Survival Food: North Woods Storiesby a Menominee Cook
Thomas Pecore Weso
About the Book: An intimate and engaging Native food memoir
In these coming-of-age tales set on the Menominee Indian Reservation of the
1980s and 1990s, Thomas Pecore Weso explores the interrelated nature of meals
and memories. As he puts it, “I cannot separate foods from the moments in my
life when I first tasted them.” Weso’s stories recall the foods that influenced
his youth in northern Wisconsin: subsistence meals from hunted, fished, and
gathered sources; the culinary traditions of the German, Polish, and Swedish
settler descendants in the area; and the commodity foods distributed by the
government—like canned pork, dried beans, and powdered eggs—that made up the
bulk of his family’s pantry. His mom called this “survival food.”
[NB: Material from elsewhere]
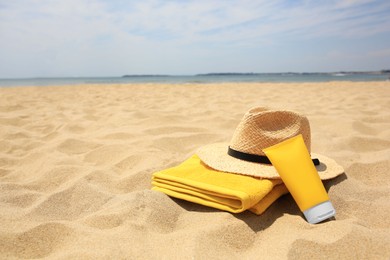 Photo of Sunscreen, towel and straw hat on sandy beach, space for text. Sun protection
These stories from the author’s teen and tween years—some serious, some
laugh-out-loud funny—will take readers from Catholic schoolyards to Native foot
trails to North Woods bowling alleys, while providing Weso’s perspective on the
political currents of the era. The book also contains dozens of recipes, from
turtle soup and gray squirrel stew to twice-baked cheesy potatoes. This
follow-up to Weso’s Good Seeds: A Menominee Indian Food Memoir is a
hybrid of modern foodways, Indigenous history, and creative nonfiction from a
singular storyteller
My Review:
I already experience of pang of wounded conscience reading
Weso’s preface listing foods he grew up eating in the generation of change when
food preparation sank to the bottom of the list of family activities. Allowing strangers
to create shelf-stable quick-prep eat-and-run food marched us another step away
from our identities. In twenty-one stories about life growing up Menominee,
Weso attempts to redirect us toward our own family memories as well as
encouraging us to forge new ones and pass them on to the next generation.
Weso lived mostly with his grandparents. “Grandma’s meals
always followed the basic Menominee food pyramid….sweet, salt, meat and water.”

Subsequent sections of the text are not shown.